▽

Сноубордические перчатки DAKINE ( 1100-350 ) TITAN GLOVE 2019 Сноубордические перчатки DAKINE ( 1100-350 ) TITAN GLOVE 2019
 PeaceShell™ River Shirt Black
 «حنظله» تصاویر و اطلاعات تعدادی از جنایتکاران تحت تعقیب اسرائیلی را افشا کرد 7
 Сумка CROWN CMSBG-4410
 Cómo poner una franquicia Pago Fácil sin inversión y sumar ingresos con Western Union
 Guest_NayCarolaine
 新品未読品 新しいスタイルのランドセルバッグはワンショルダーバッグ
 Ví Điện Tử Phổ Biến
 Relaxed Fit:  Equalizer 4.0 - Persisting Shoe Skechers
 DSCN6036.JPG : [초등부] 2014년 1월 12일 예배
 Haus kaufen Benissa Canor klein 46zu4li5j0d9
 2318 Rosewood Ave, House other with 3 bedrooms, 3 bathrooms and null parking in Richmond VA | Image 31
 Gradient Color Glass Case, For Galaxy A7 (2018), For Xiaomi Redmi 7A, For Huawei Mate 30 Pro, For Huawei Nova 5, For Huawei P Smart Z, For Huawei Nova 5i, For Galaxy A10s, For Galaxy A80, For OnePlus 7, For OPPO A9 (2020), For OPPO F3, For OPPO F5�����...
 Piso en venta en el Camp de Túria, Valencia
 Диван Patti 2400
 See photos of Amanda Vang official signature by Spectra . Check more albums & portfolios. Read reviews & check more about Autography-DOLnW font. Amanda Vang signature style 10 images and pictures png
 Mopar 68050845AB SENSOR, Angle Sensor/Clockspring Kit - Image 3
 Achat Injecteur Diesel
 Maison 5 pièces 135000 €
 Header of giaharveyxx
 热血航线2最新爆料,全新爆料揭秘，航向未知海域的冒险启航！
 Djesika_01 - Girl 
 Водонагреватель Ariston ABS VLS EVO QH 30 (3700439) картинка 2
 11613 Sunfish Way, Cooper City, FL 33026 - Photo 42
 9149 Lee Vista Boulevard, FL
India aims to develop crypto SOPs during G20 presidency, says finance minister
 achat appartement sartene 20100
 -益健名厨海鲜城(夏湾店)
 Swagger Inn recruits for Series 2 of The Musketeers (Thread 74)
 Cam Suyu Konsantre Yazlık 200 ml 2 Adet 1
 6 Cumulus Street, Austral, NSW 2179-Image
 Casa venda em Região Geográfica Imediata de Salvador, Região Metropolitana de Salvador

△

*PROMPT:* Set down, word for word, the line that contains "Piso en venta en el Camp de Túria, Valencia" and all lines after it up to the end of the listing.

*REPLY:*
 Piso en venta en el Camp de Túria, Valencia
 Диван Patti 2400
 See photos of Amanda Vang official signature by Spectra . Check more albums & portfolios. Read reviews & check more about Autography-DOLnW font. Amanda Vang signature style 10 images and pictures png
 Mopar 68050845AB SENSOR, Angle Sensor/Clockspring Kit - Image 3
 Achat Injecteur Diesel
 Maison 5 pièces 135000 €
 Header of giaharveyxx
 热血航线2最新爆料,全新爆料揭秘，航向未知海域的冒险启航！
 Djesika_01 - Girl 
 Водонагреватель Ariston ABS VLS EVO QH 30 (3700439) картинка 2
 11613 Sunfish Way, Cooper City, FL 33026 - Photo 42
 9149 Lee Vista Boulevard, FL
India aims to develop crypto SOPs during G20 presidency, says finance minister
 achat appartement sartene 20100
 -益健名厨海鲜城(夏湾店)
 Swagger Inn recruits for Series 2 of The Musketeers (Thread 74)
 Cam Suyu Konsantre Yazlık 200 ml 2 Adet 1
 6 Cumulus Street, Austral, NSW 2179-Image
 Casa venda em Região Geográfica Imediata de Salvador, Região Metropolitana de Salvador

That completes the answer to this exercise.